EXERCISE OBJECTIVE → Your answer must hold only the lines below from the line containing "Blouse Peplum Côtelée" through the line containing "Photo 2 of 2018", each reproduced exactly.

TASK MATERIAL →
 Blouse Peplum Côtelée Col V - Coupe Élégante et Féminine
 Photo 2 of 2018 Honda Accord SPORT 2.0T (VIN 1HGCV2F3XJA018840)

==

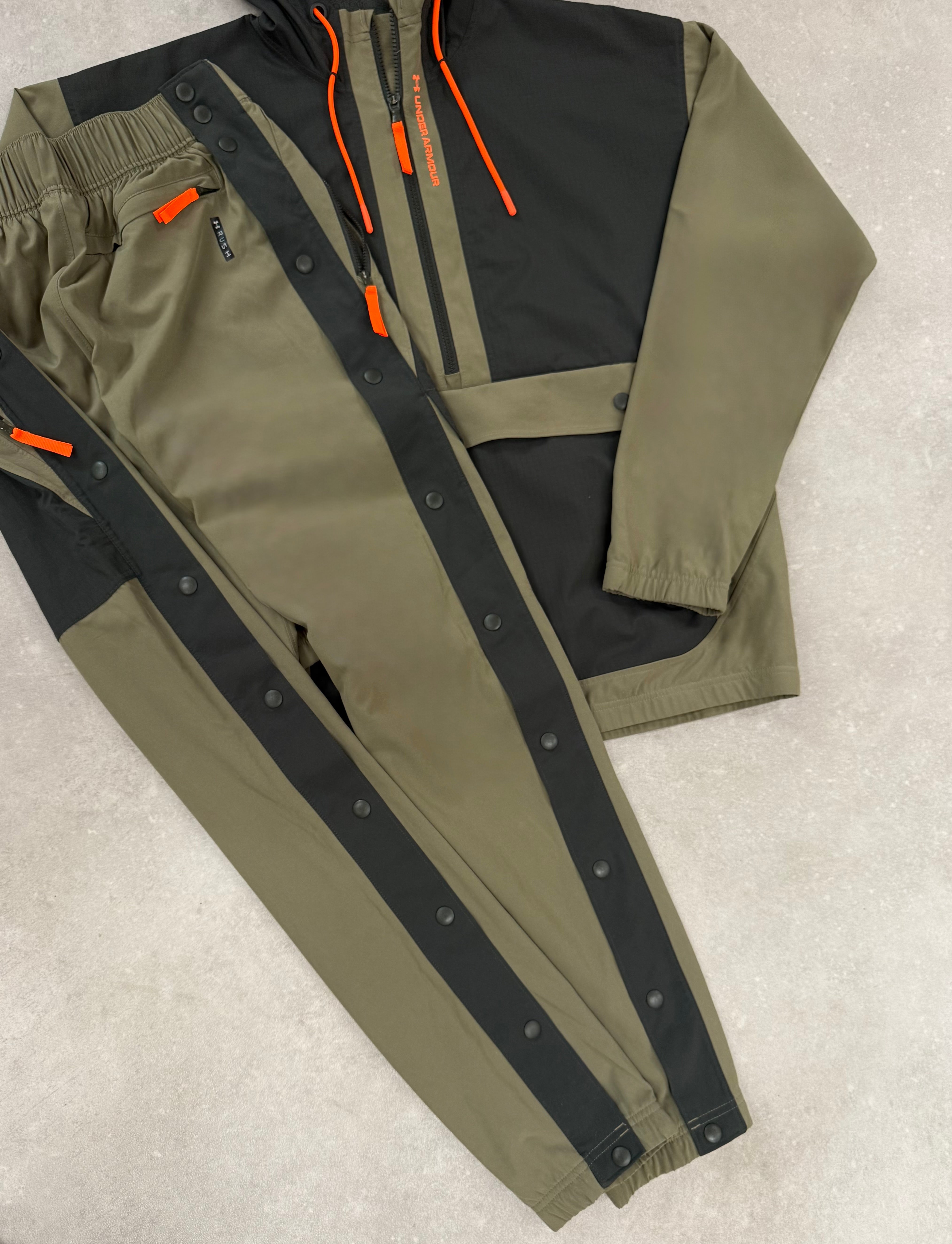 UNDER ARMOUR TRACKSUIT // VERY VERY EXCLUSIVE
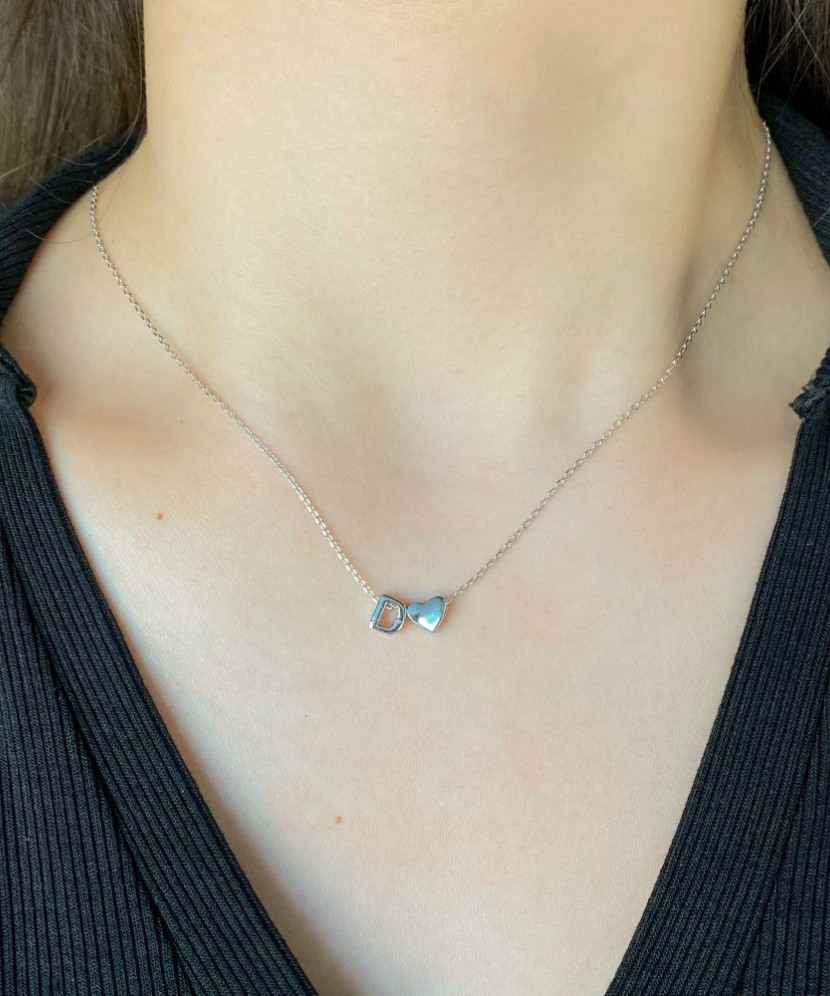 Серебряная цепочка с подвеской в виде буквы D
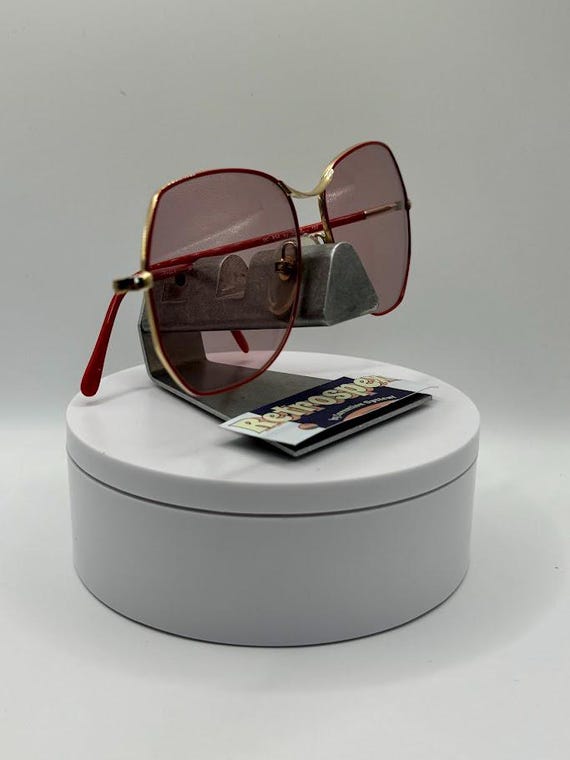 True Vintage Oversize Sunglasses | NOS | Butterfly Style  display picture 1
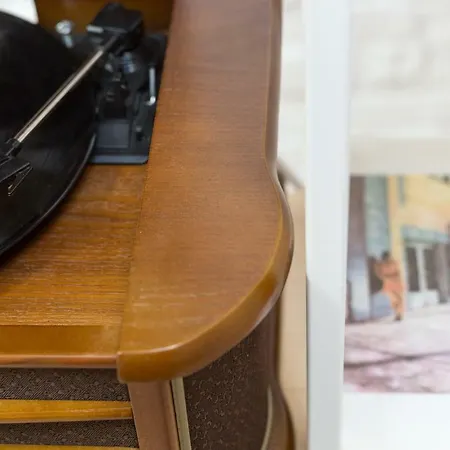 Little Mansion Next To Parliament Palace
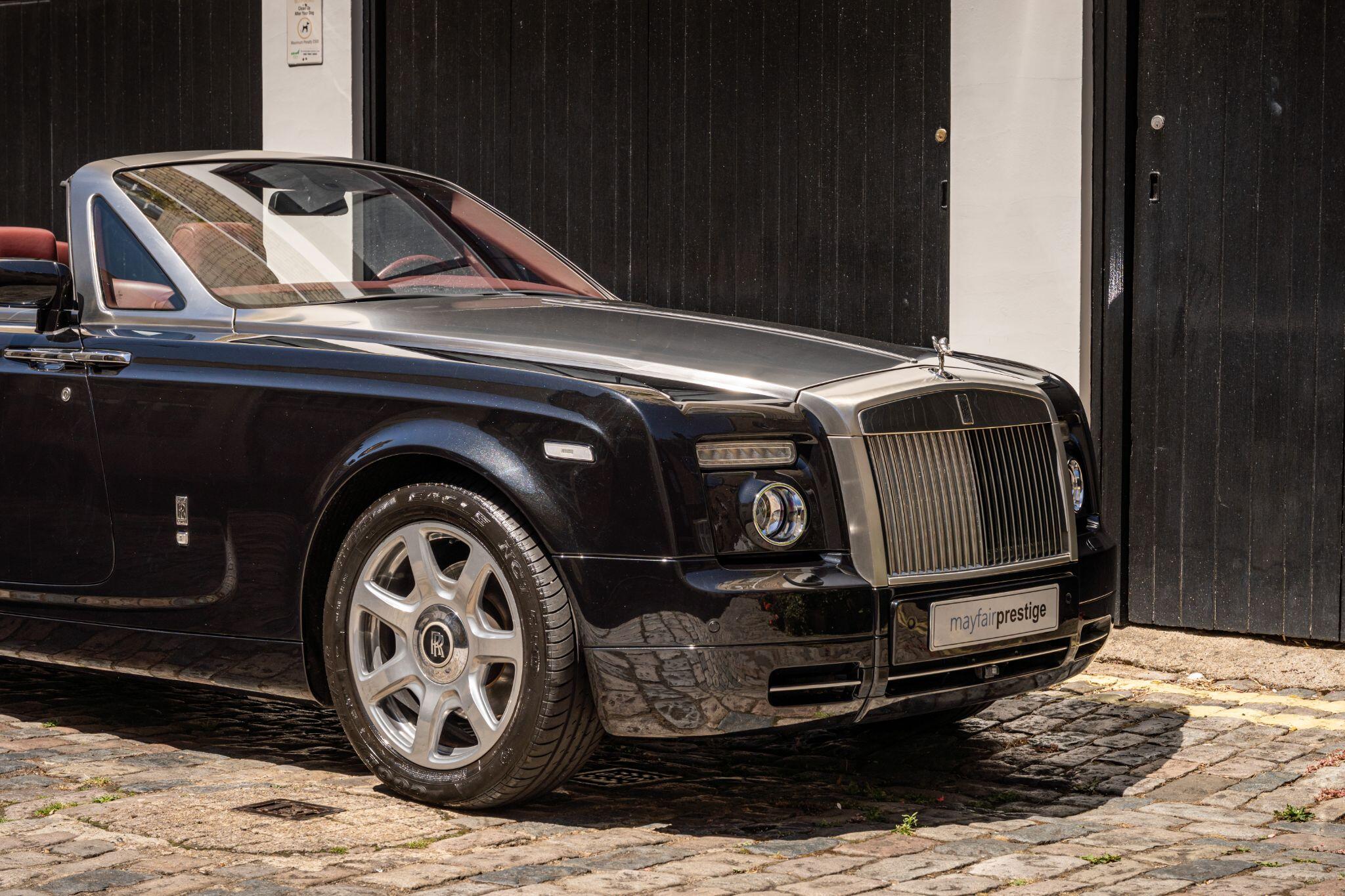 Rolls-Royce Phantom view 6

* * *

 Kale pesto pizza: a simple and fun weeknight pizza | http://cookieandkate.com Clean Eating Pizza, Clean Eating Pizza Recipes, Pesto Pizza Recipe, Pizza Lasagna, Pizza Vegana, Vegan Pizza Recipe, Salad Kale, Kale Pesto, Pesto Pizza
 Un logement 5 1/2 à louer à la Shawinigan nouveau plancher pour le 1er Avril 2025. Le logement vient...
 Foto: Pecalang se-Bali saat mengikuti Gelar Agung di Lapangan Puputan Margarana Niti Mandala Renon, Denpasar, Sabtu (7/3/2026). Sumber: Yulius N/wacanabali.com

TASK ANSWER →
 Blouse Peplum Côtelée Col V - Coupe Élégante et Féminine
 Photo 2 of 2018 Honda Accord SPORT 2.0T (VIN 1HGCV2F3XJA018840)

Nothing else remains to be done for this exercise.